Allison Boemer, MD, Chrisla Tidwell, Masters, Xiao Gu, MD, Eunice Huang, MD, Dana W. Giel, MD.
Le Bonheur Children's Hospital/ University of Tennessee, Memphis, Memphis, TN, USA.

BACKGROUND: Anorectal malformation (ARM) patients are known to have an increased incidence of urologic (GU) anomalies. Although there is a known association, urologic data is limited in regards to ARM and the impact on GU development and function. The complexity of ARM and its initial work up may potentially underemphasize associated GU anomalies, which could lead to delayed or undetected GU diagnoses. Our goal was to examine the evaluation of ARM patients in the diagnosis and treatment of concomitant GU anomalies.

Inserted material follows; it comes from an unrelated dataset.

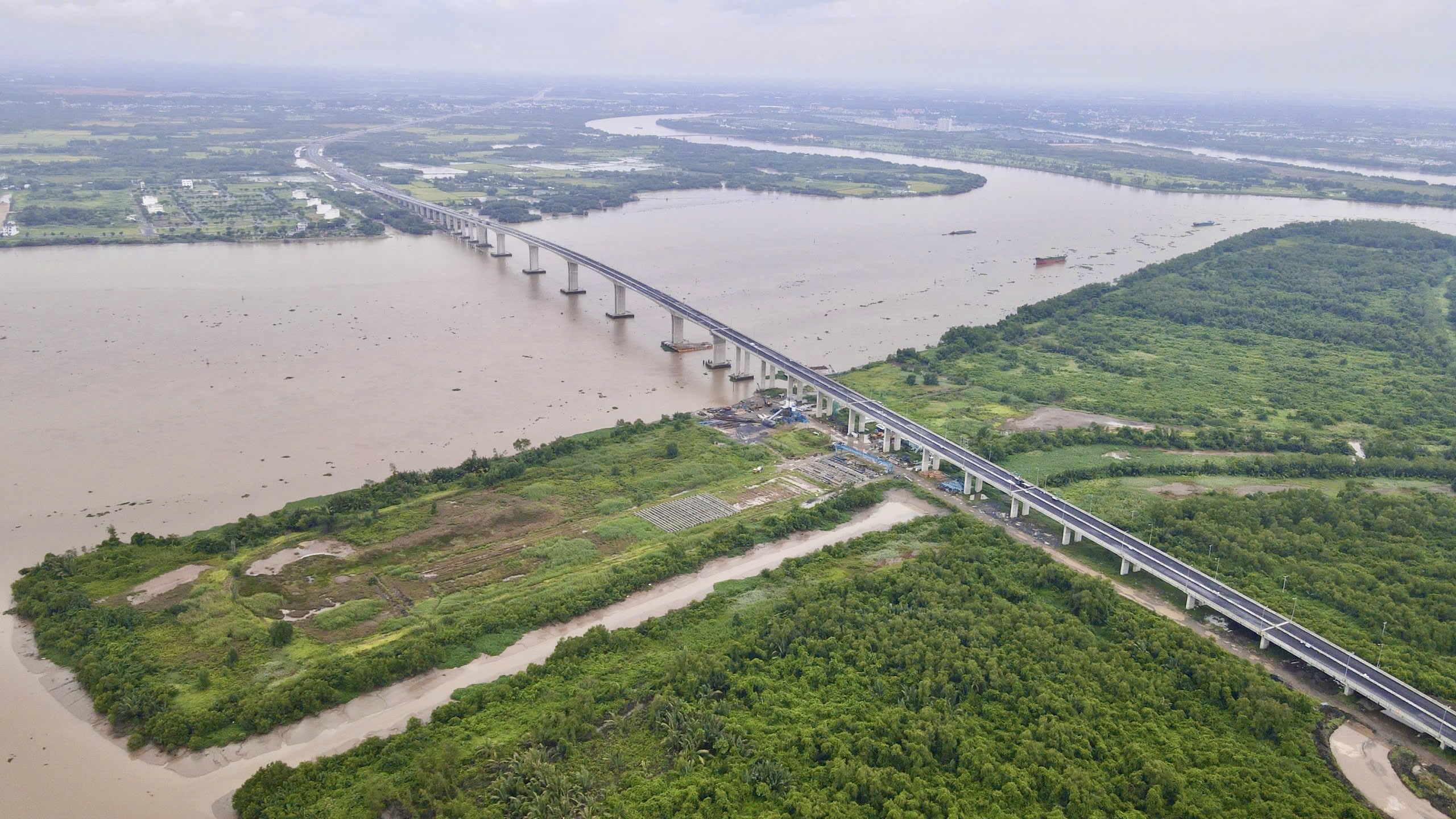 Người dân phấn khởi qua cầu Nhơn Trạch trong ngày đầu thông xe- Ảnh 17. Người dân phấn khởi qua cầu Nhơn Trạch trong ngày đầu thông xe- Ảnh 17.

METHODS: We reviewed the charts of patients with the diagnosis of ARM who had received care at our institution between 12/1/1988 and 12/31/2009. Data collected included demographics, category of ARM, associated anomalies, GU diagnoses, studies performed, and any surgical intervention.

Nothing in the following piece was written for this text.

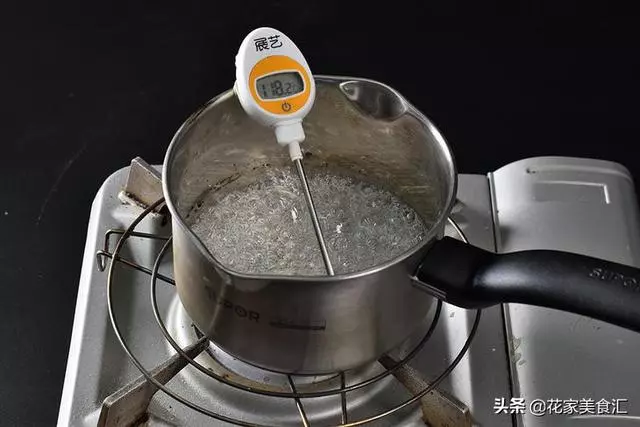 烤棉花糖冰淇淋,網紅新做法,在家周末可以做喔!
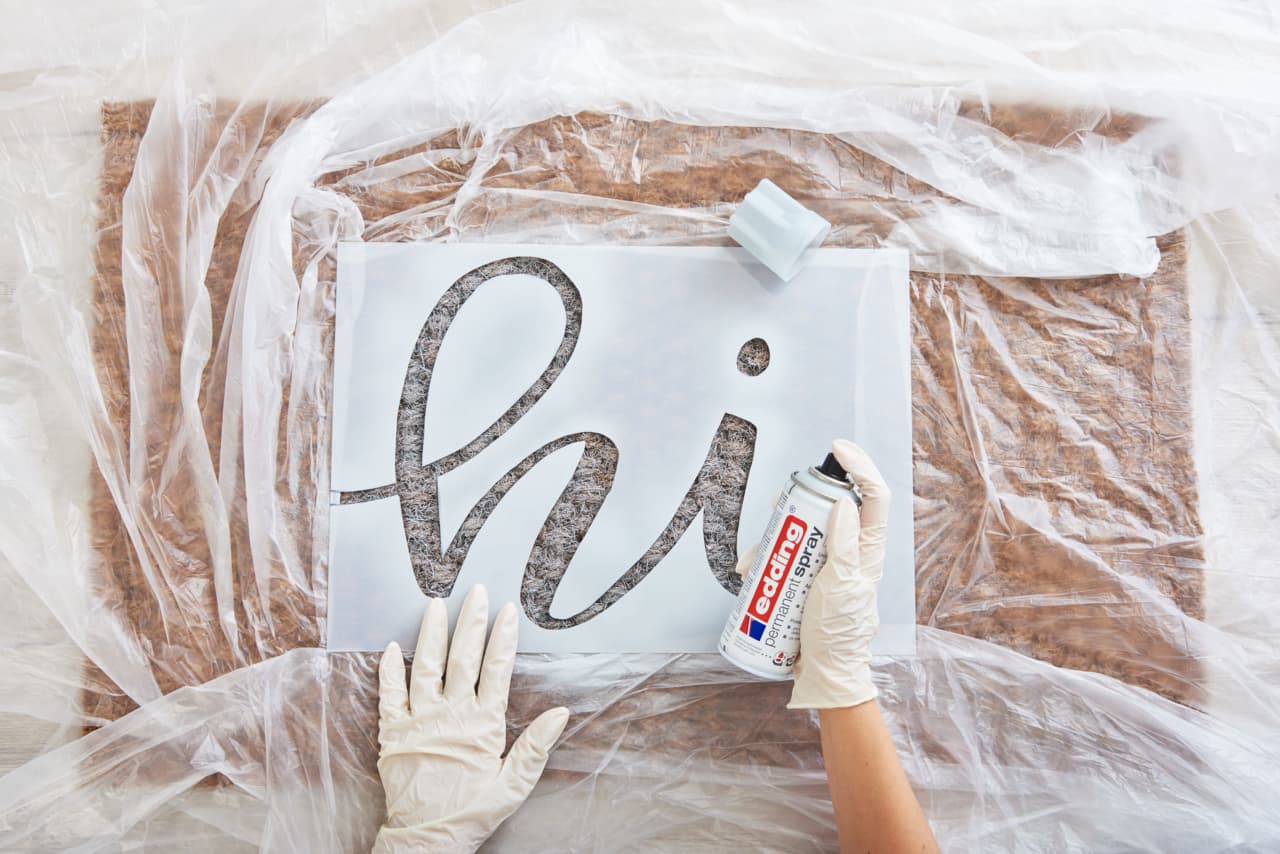 Anwendungsbild von edding 5200 Permanentspray Fußmatte selbst gestalten DIY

RESULTS: 107 patients with ARM were identified between 12/1/1988 and 12/31/2009. 49 were female and 58 male. Classifications included perineal fistula (44 patients), vestibular fistula (21), rectourethral fistula (17), rectovaginal fistula (2), rectovesicular fistula (5), no fistula (2), cloaca (11), unknown (5). Of the 107 patients, 53 (49.5%) were found to have a GU diagnosis, including vesicoureteral reflux (17), hydronephrosis (13), neurogenic bladder (11), undescended testicle (10), hypospadias (10), renal agenesis (7), duplicated collecting system (6), renal ectopia (2). The incidence of GU anomalies within the ARM classifications were as follows: perineal fistula (22.7%), vestibular fistula (47.6%), rectourethral fistula (76.5%), rectovaginal fistula (50%), rectovesicular fistula (80%), no fistula (50%), cloacal (90.9%), unknown (60%). The incidence of GU abnormalities was significantly higher in patients with higher levels of ARM, although there were clinically relevant GU anomalies found in patients with lower ARMs. Of the 53 patients with GU anomaly, 32 (60.4%) underwent a GU surgical procedure, including vesicostomy (8), ureteral reimplantation (11), and bladder augmentation (6). Of the 54 patients without a GU diagnosis, 48 patients underwent renal ultrasound and 14 had voiding cystourethrogram.
CONCLUSIONS: There is a clear association between GU anomalies and ARM, and significant GU anomalies can be found across all classifications of ARM. This data suggests a comprehensive approach toward the ARM patient should be taken, including a thorough GU evaluation. Initial urology assessment of all ARM patients will optimize care and avoid delayed or missed GU diagnoses.